I am an enormous fan of Olivier Assayas’s films, which is why I’m willing to entertain the fact that I must have missed something to this. After all, outwardly it feels like any number of middlebrow films about families exposing the fractures in their interrelationships as they squabble over an estate. Actually, “squabble” is rather too active a verb for what plays out as a series of gentle disappointments and misunderstandings, and indeed perhaps it’s the subtlety which elevates it, for this is a film about people coming to terms with what they had hoped for their futures and what actually transpires. There’s also a strong theme in there about our subjective responses to art and the value it has in daily life, along with some fairly pointed remarks about how lifeless items look when placed in a museum context, which is both expected and also bold given this is part financed by the Musée d’Orsay in Paris. Still, at the heart is that familiar family drama of a bunch of privileged kids coming together at the fancy estate of their recently deceased mother to talk about what to do; Binoche has top-billing but it’s Charles Berling who holds things together as the linchpin of the family (and the only one living in and committed to France). I suspect I’ll find more to like with this film as I allow it to sit with me, but for now it feels underpowered.

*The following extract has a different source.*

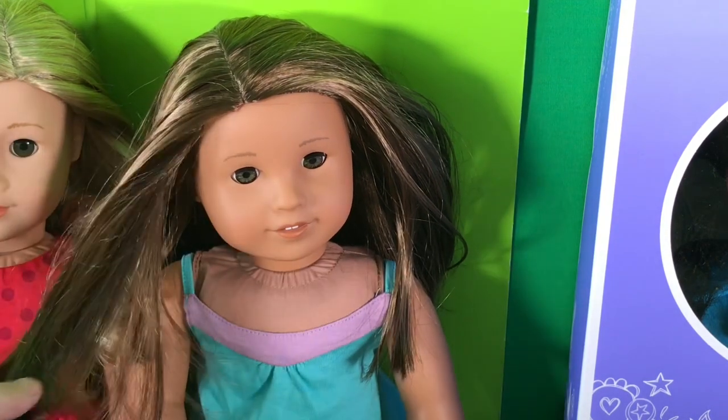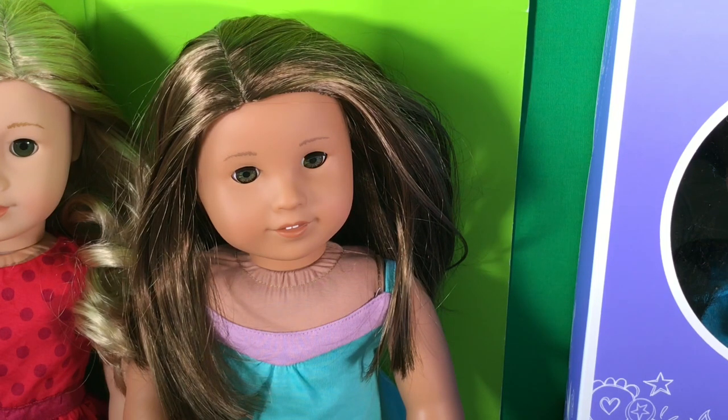I just love how they brought back the way Kanani looked but with a bit more manageable hair, because I have Kanani and I love her but her hair is a mess because I messed her up when I was like six. So I'm glad they made a similar looking doll.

FILM REVIEW: Criterion Collection
Director/Writer Olivier Assayas; Cinematographer Eric Gautier; Starring Charles Berling; Juliette Binoche, Jérémie Renier, Édith Scob; Length 99 minutes.

Seen at home (DVD), Wellington, Sunday 20 February 2022.

Criterion Sunday 511: Juventude em Marcha (Colossal Youth, 2006)

I’m not sure is this is the best of Pedro Costa’s three films grouped together as the “Fontainhas trilogy” after the Lisbon slum/shanty town where they take place, but after spending so much time with these characters in this place, its quiet reflectiveness feels the richest, perhaps because of that time spent. Costa too has developed his video aesthetic that he began with In Vanda’s Room, recapturing some of the painterly contrast that was at play in the first of the three (Ossos) but without the conventions of the narrative. The characters are still slouching around going nowhere, interspersed with the tall and elegant elderly man Ventura narrating a letter to someone long gone it seems. and there’s not much in the way of plot to speak of, but it swaps out the crumbling buildings of the previous films for the new apartments built in their place, which have a sort of antiseptic quality, though there’s still plenty enough places for Costa to find his crepuscular shadows. I can’t really explain too much why I like it, but it’s an experience that just needs to sort of wash over you, and at that level I find it rewarding.


FILM REVIEW: Criterion Collection
Director/Writer Pedro Costa; Cinematographers Costa and Leonardo Simões; Starring Ventura, Vanda Duarte; Length 156 minutes.

Seen at home (DVD), Wellington, Saturday 12 March 2022 (and I’m fairly sure I saw it a cinema in London, probably the ICA, back in around 2007, but I don’t have a record of it).